That's the reason for the telemetry.
And a lot of times I get asked a very generic question.
Okay, Donovan, we're all excited about telemetry monitoring.
Where should we put it?
And I just shrug at them like, I don't know where you should put it.
I know where we put it because we were looking to answer a particular question.
But don't ask me where the telemetry needs to go. Ask yourself, what is it that we're struggling with it?
What is it that we need to know about our system? And then that will tell you what to monitor,
how often to monitor it, and where to put that custom telemetry. So I think that's a very
personal question. It's like, what should we monitor? Well, it depends on what it is that
you're looking for. And you should be looking for something, in in my opinion you shouldn't just put monitoring everywhere because eventually you have
so much data you don't even know what you're looking at or looking for at that point right
and then testing that that data is actually useful before you go to production so that you're not
sitting there wasting your time with a bunch of metrics and data that aren't adding to
you know the success of the project and you can you can test your testing data in a way.
Yeah, because you produce, well, we produce petabytes of data. And you don't want that to
be wasted space, because that's literally what it is. It's taking up space somewhere,
and it's going to make combing through that data even that much more difficult when the volume
continues to increase. So you want to collect what you need to be able to answer that question
quickly and efficiently. And you don't want to just be collecting data just for data's
sake. You should be looking for something. Yeah, but you could just put it in the cloud. It's free.

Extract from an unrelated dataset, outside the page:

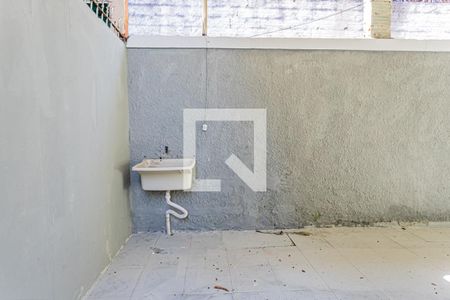 Casa para alugar com 50m², 2 quartos e 2 vagasÁrea de serviço e quintal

Yeah, sure. Okay. As long as it's Azure, knock yourself out.
So I like that. So basically what you're saying is when it comes to monitoring as a development team, you want to actually define what is relevant for you to have, what piece of information is it that you want to have in the downstream environment, in that is actually valid data and that it's actionable.
So that's one aspect of putting kind of making sure that everything is monitored correctly, kind of defining what you want to see, maybe putting in some custom telemetry and then maybe defining the dashboards and educating people downstream.
Hey, here are some new things that I want you to monitor.
Now, what about another concept that I call it monitoring as code, but I'm not
sure if this is some term that I just came up with or maybe somebody else did too. For me,
it is something where if I'm a developer and I build a new feature and then my business team
says, well, this feature has to respond in a certain time. It should only cost us so much in terms of how much does it cost to run it on a certain
infrastructure.
Then these are actually requirements, not functional requirements, but more performance
and resource consumption requirements that I could potentially put into a config file,
like a JSON file, a YAML file, or even my code, right?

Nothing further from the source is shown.